В любом случае, первыми помощниками здесь выступают семья и окружение. Но не каждый сегодняшний подросток придаёт институту семьи значимое место в жизни. Раздоры часто происходят на «пустом» месте, и нередко пропасть между отцами и детьми остаётся на всю жизнь. Отметим, что сегодняшние исторические события не мешают существованию семей, как полноценных элементов общества. Однако современные семьи уничтожаются под влиянием других факторов, чаще зависящих от самих родственников. И это внушает катастрофу.

История, описанная в этой книге, демонстрирует обычный для того времени разрыв семейной общины на почве государственных гонений. Здесь и мальчик, по сегодняшним признакам больной малоизученным аутизмом, и мать с тягой к гипертрофированному восприятию, и окружающие, натянувшие на себя одинаковые маски угодливости. И всё бы ничего, но на пьедестал выходит главный герой картины – страх. Страх, который породила история, под замедленным действием которого крутится клубок несчастий вокруг одной деревенской семьи.

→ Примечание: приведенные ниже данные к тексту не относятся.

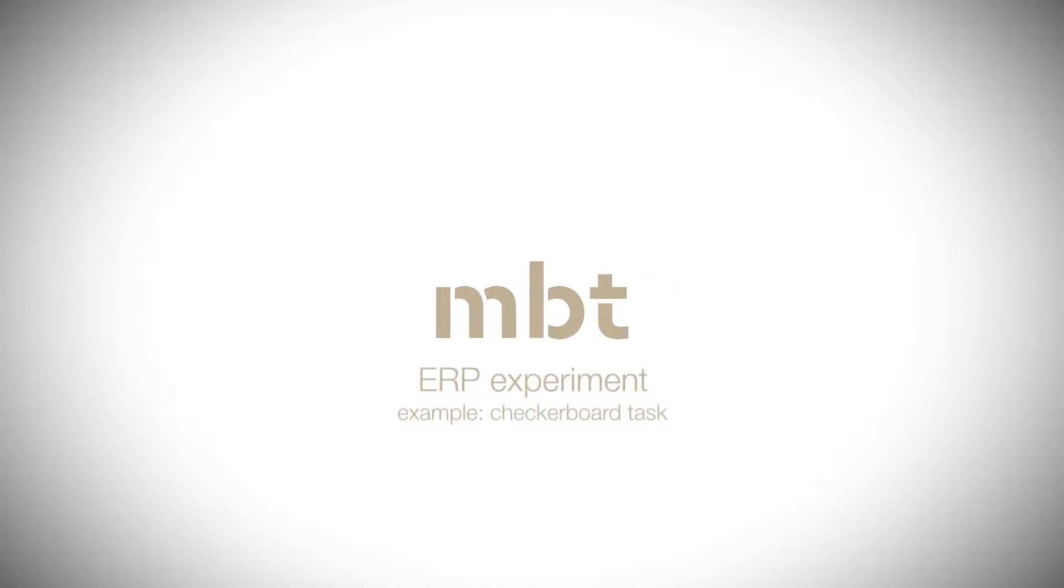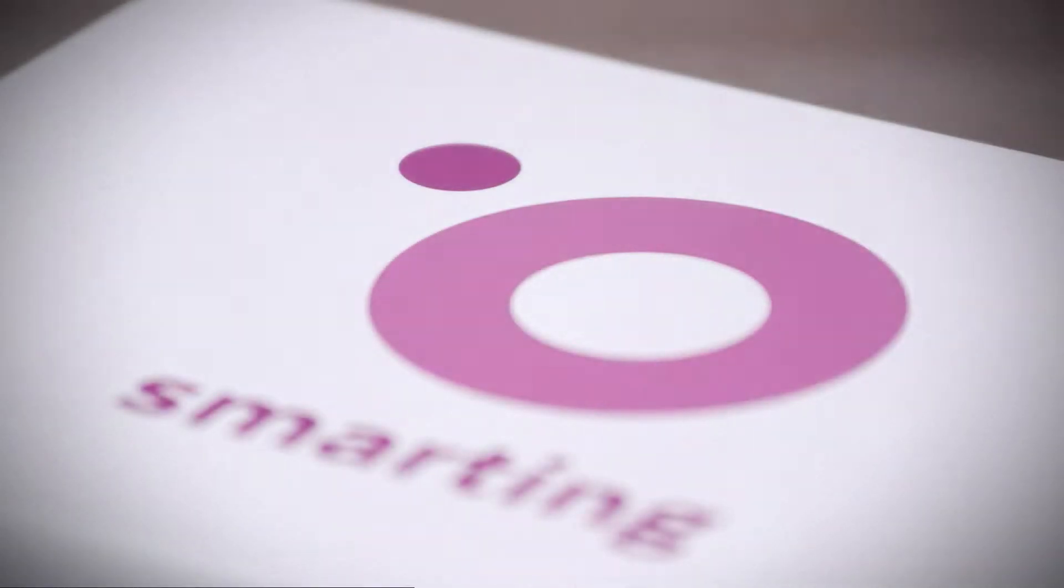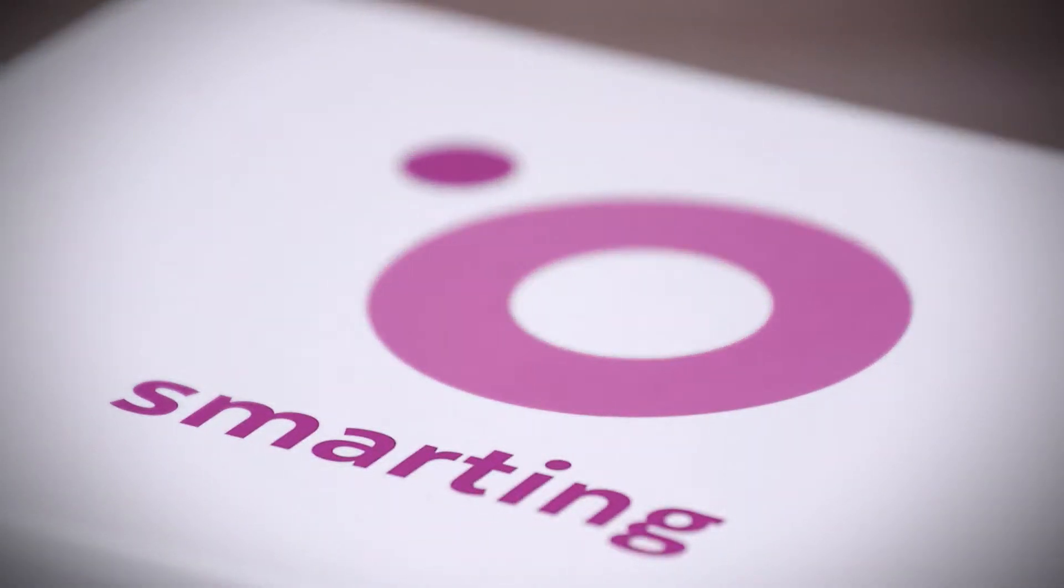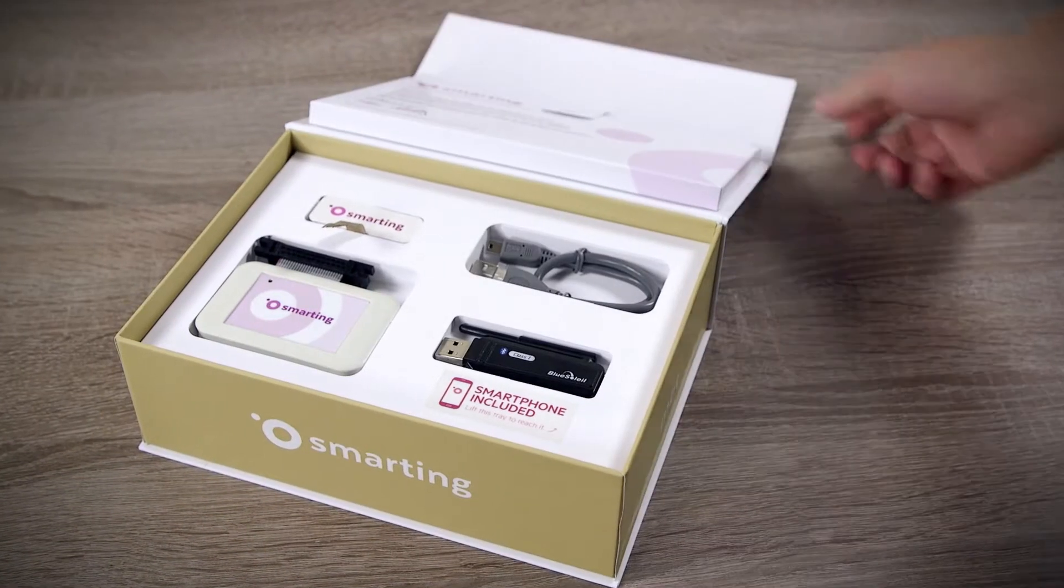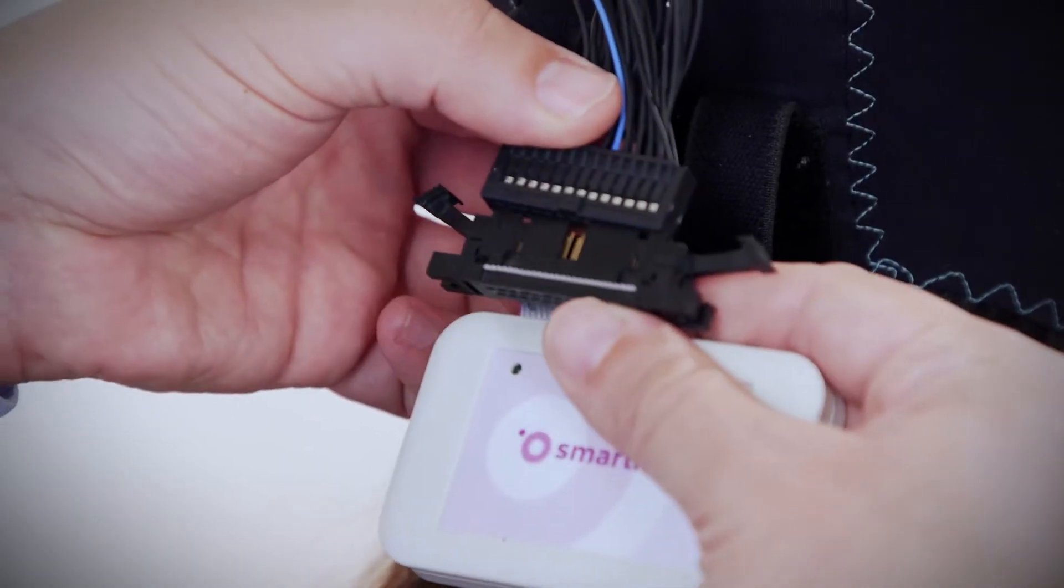We will demonstrate wireless triggering through an example of an ERP experiment with Smarting. This is a concept of fully mobile recordings, so we use no wiring for the stimulus delivery.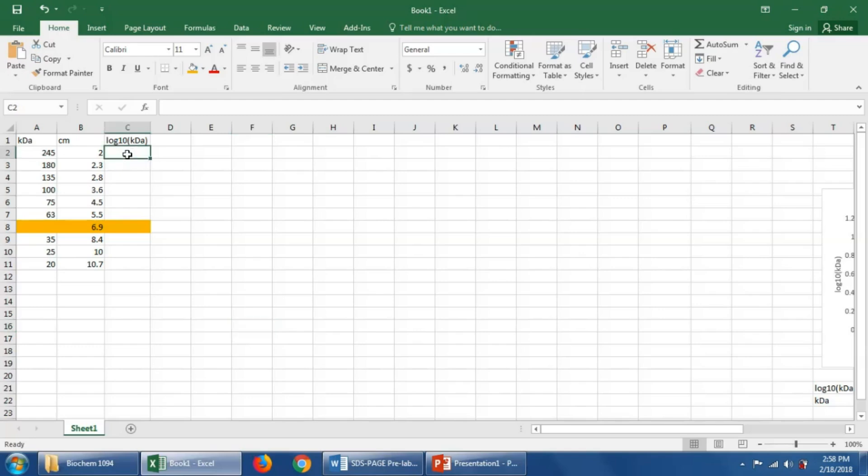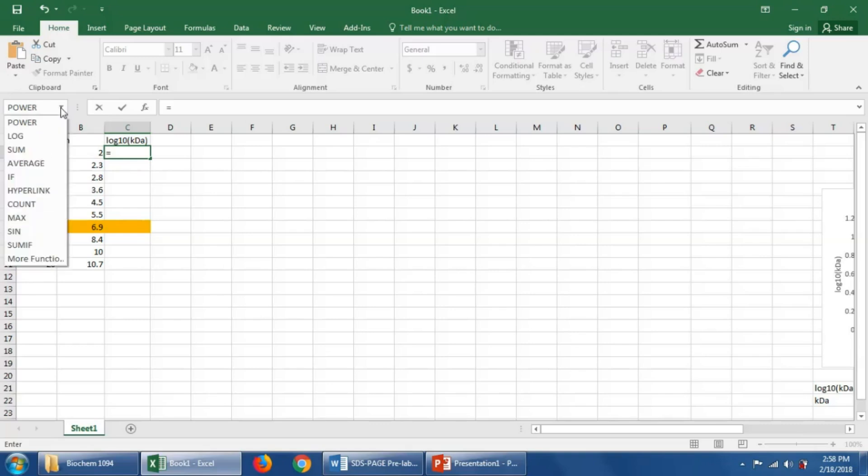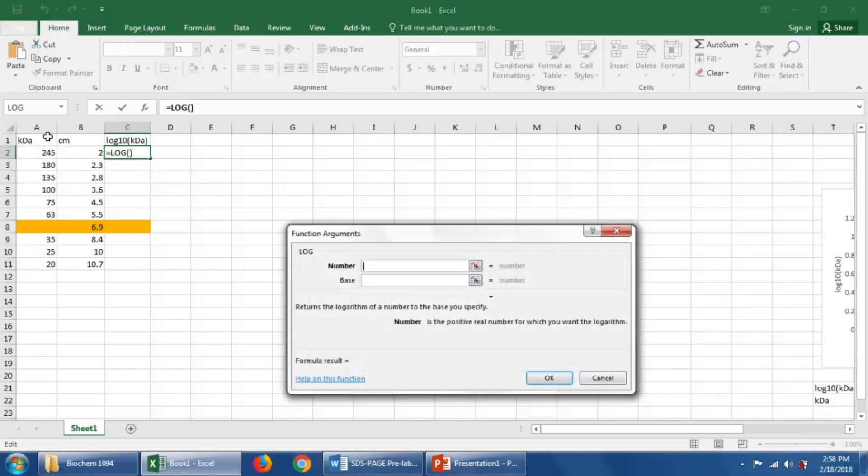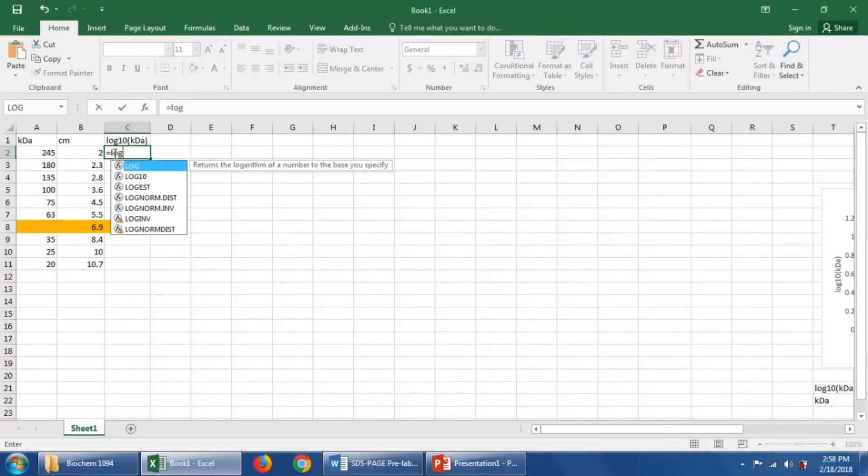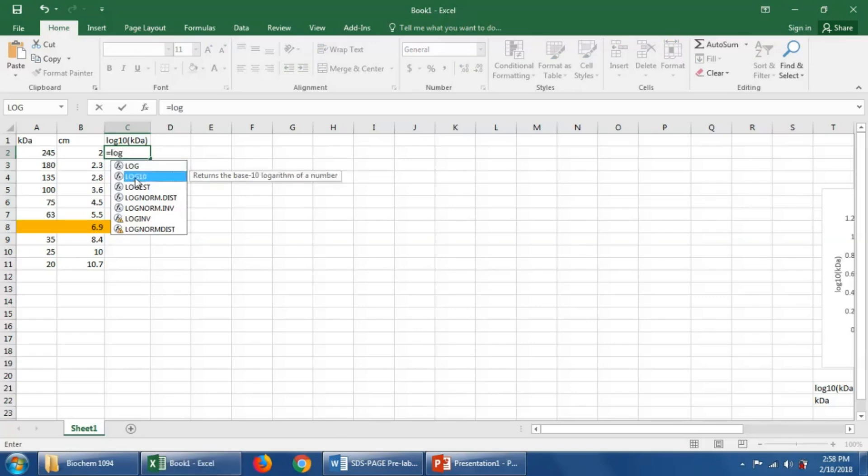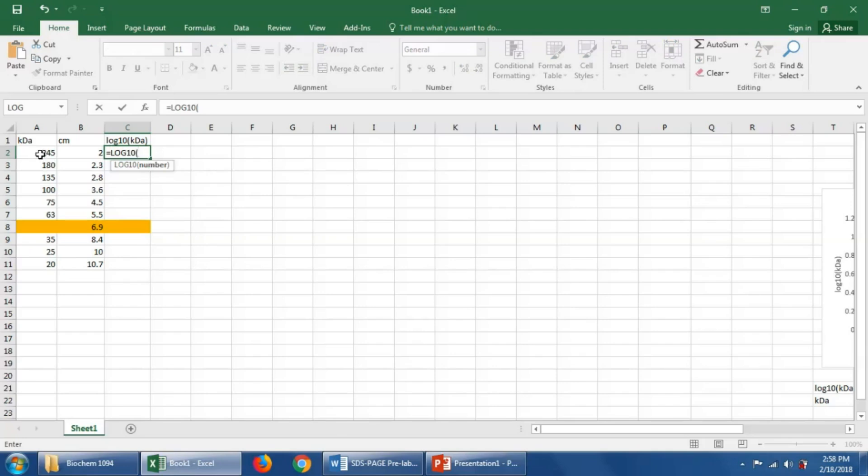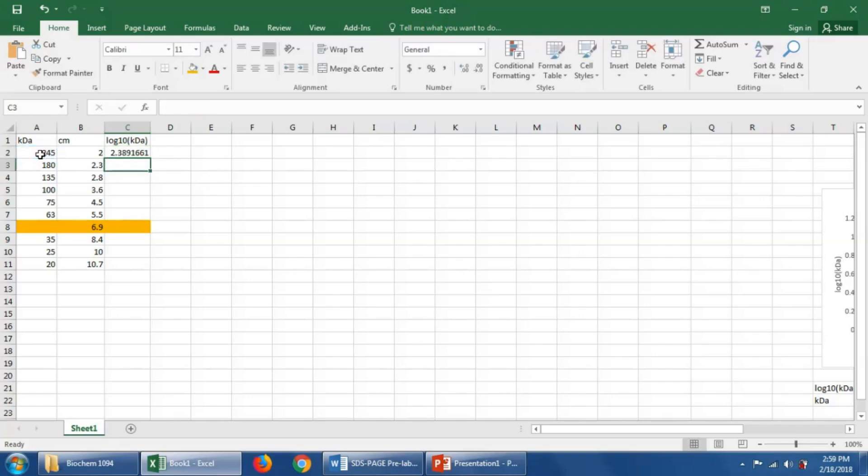In Excel we can do that by typing equals, finding the appropriate function. Equals log and we'll pick log base 10. Double click that and click this cell here that we want to make the log base 10 of. Close parentheses, enter. So we calculated that.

Болезни главных героев сегодня встречаются достаточно часто, и это «часто» уже служит поводом для гибельного будущего семей и поколений. И заметим, история на все это смотрит извне. Что было бы с каждым из нас, попадись мы на удочку рыболова Кобы? Сражались бы мы честно, отстаивая своё интеллектуальное право или стали бы порабощенными и загнанными в клетку? Пошли бы против свояка ради выслуги перед государством?

Из века в век цикл истории повторяется, и каждый раз с ещё большим нажимом умоляет смотрящего не терять своего «Я», быть честным и справедливым. Персонифицируя образ страха, время показывает нам, что под влиянием трусости человек совершает убийственные поступки не только для себя, но и для семьи, односельчан, страны, наконец. И если тот, кто был верен себе и своим взглядам всё—таки погибает, то совесть его чиста и не тронута.

Быть может, новый круг истории пройдёт без таких колоссальных потерь, но стоит не забывать прошлое, отдавать должное тем, кто не смешал своё лицо с массами трусов, и учиться. Учиться побеждать.

Под гнетом трусости в книге резко противопоставляется характер взросления психически нездорового ребёнка и нравственное падение сформированных зрелых личностей. Здесь уже ориентир у каждого свой.

1. ПОТЕРЯ

Грубый солнечный луч ознаменовал начало нового дня. Я резко открыл слипшиеся глаза и, не потягиваясь, сразу побежал в соседнюю комнату. Хотелось услышать ласковое мамино «Доброе утро, сынок» и снова убедиться, что мама меня не разлюбила.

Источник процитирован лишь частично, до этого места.